Maybe the kids can join in with their shoes too! Cool! Dad is so fun, shoes all over the place!
Anonymous
Anonymous wrote:
Anonymous wrote:The solution is to stop being so rigid about things. For example, "not washing or stacking greasy dishes properly." What does this even mean? Do you have some mentality where you supervise to be sure he does things "properly."

You have a man who's tired of being henpecked. Maybe examine yourself. You sound exhausting.


NP. It means he mindlessly washed or rinsed the pan and when someone goes to put it away they feel grease all over one or more side.
Or he put the non greasy plates into the greasy pan, haphazardly washed them, and everything needs to be rewashed before the grease spreads again to more clean dishes.
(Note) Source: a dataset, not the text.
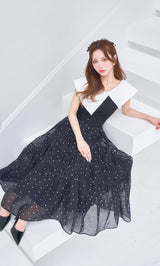 モデル：158cm（着用サイズ：FREE　着用カラー：BLK）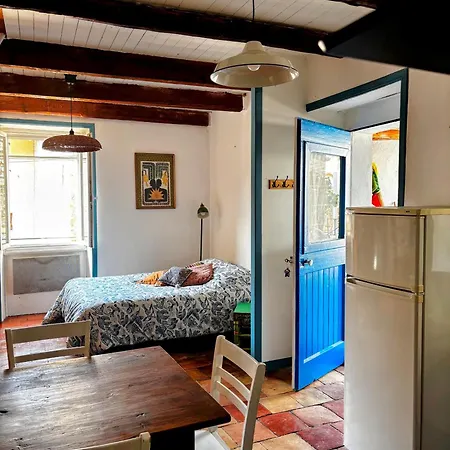 Apartment Longo Mai Vallon-Pont-dʼArc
Her entire list is a litany of complaints about HOW he does things. I promise you to the degree he's doing things "deliberately" it's because he's fed up with feeling criticized. It's a common dynamic. Especially if OP is Type A.

There's an old expression: You can ask someone to do something or tell them HOW to do it. Do both and you're asking for trouble.
Anonymous
Anonymous wrote:Hugs, OP. My xH was like this. Unfortunately the only solution was to divorce. I’m much, much happier now.

And funny enough, his place is clean and tidy. For whatever reason, these men are perfectly capable, yet when a woman enters the picture they suddenly stop.


Yeah, it's the henpecked phenomenon.
Anonymous
Ask him what he thinks is the solution. He’s trying to dump this on you.

Does he have ADHD?
Anonymous
Anonymous wrote:
Anonymous wrote:
Anonymous wrote:The solution is to stop being so rigid about things. For example, "not washing or stacking greasy dishes properly." What does this even mean? Do you have some mentality where you supervise to be sure he does things "properly."

You have a man who's tired of being henpecked. Maybe examine yourself. You sound exhausting.


NP. It means he mindlessly washed or rinsed the pan and when someone goes to put it away they feel grease all over one or more side.
Or he put the non greasy plates into the greasy pan, haphazardly washed them, and everything needs to be rewashed before the grease spreads again to more clean dishes.


Her entire list is a litany of complaints about HOW he does things. I promise you to the degree he's doing things "deliberately" it's because he's fed up with feeling criticized. It's a common dynamic. Especially if OP is Type A.

There's an old expression: You can ask someone to do something or tell them HOW to do it. Do both and you're asking for trouble.


Dude, he does things like $hit. I’d be worried it’s only a matter of time before he loses his job.

Glad the house didn’t spark and explode with the nat gas on all night in the kitchen.